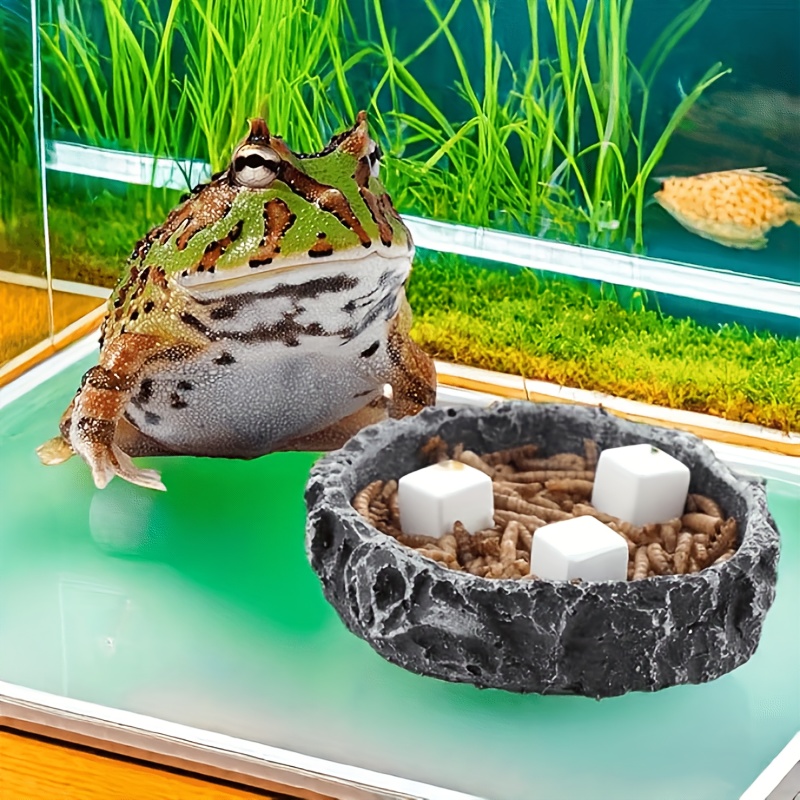 6 Stück Aquarium-Kalziumblöcke – Aquarium Plants Live Bewertung und Preis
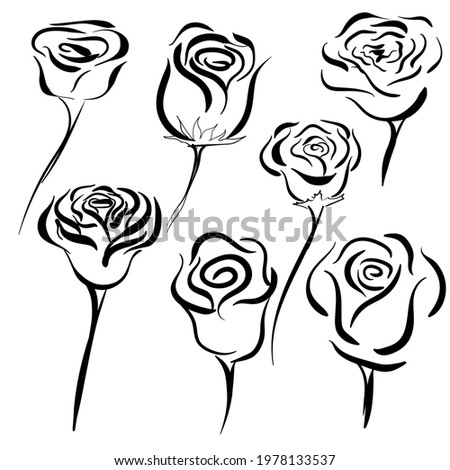 hand drawn rose flower set,collection of rose flower sketch on white background,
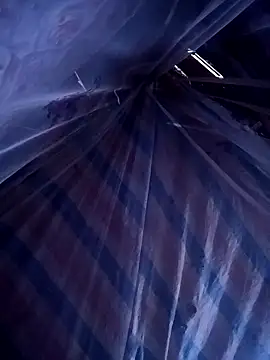 ava-dellght online show from 14, 4, 2026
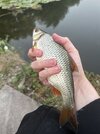 IMG_2333.jpeg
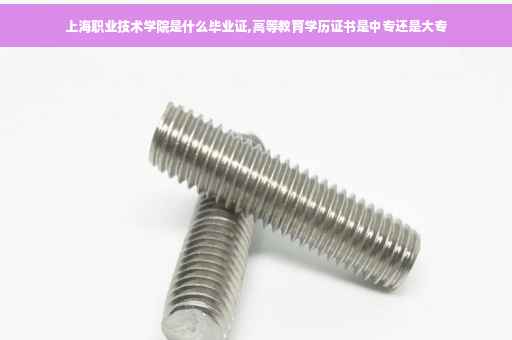 上海职业技术学院是什么毕业证,高等教育学历证书是中专还是大专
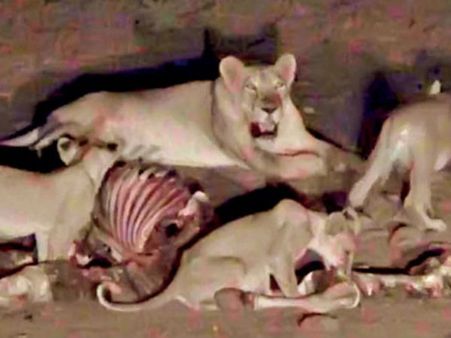 ઉંમર છે માત્ર 8 વર્ષ, સજા મળી આજીવન કેદની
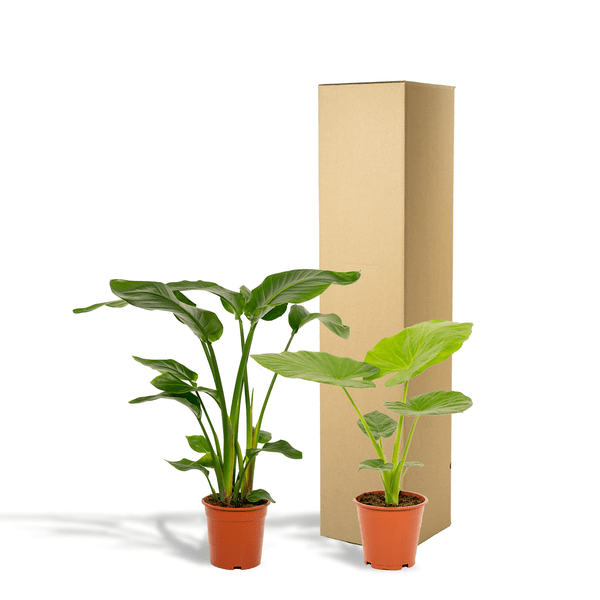 Pflanzenset - Strelitzia Nicolai - Ø19cm - ↕85cm + Alocasia Macrorrhiza - Ø19cm - ↕70cm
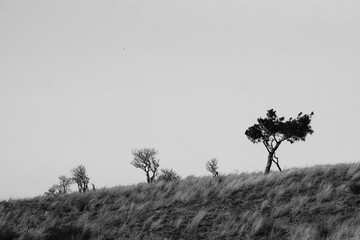 Lonely tree on a dry hillside in black and white. Minimalist black and white landscape of a dry grassy hill with a few sparse trees and a clear sky, symbolizing solitude and resilience.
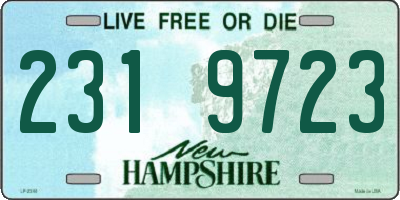 NH license plate 2319723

Required work:
Give back the data exactly. Skip any images.

Response:
 6 Stück Aquarium-Kalziumblöcke – Aquarium Plants Live Bewertung und Preis
 hand drawn rose flower set,collection of rose flower sketch on white background,
 ava-dellght online show from 14, 4, 2026
 IMG_2333.jpeg
 上海职业技术学院是什么毕业证,高等教育学历证书是中专还是大专
 ઉંમર છે માત્ર 8 વર્ષ, સજા મળી આજીવન કેદની
 Pflanzenset - Strelitzia Nicolai - Ø19cm - ↕85cm + Alocasia Macrorrhiza - Ø19cm - ↕70cm
 Lonely tree on a dry hillside in black and white. Minimalist black and white landscape of a dry grassy hill with a few sparse trees and a clear sky, symbolizing solitude and resilience.
 NH license plate 2319723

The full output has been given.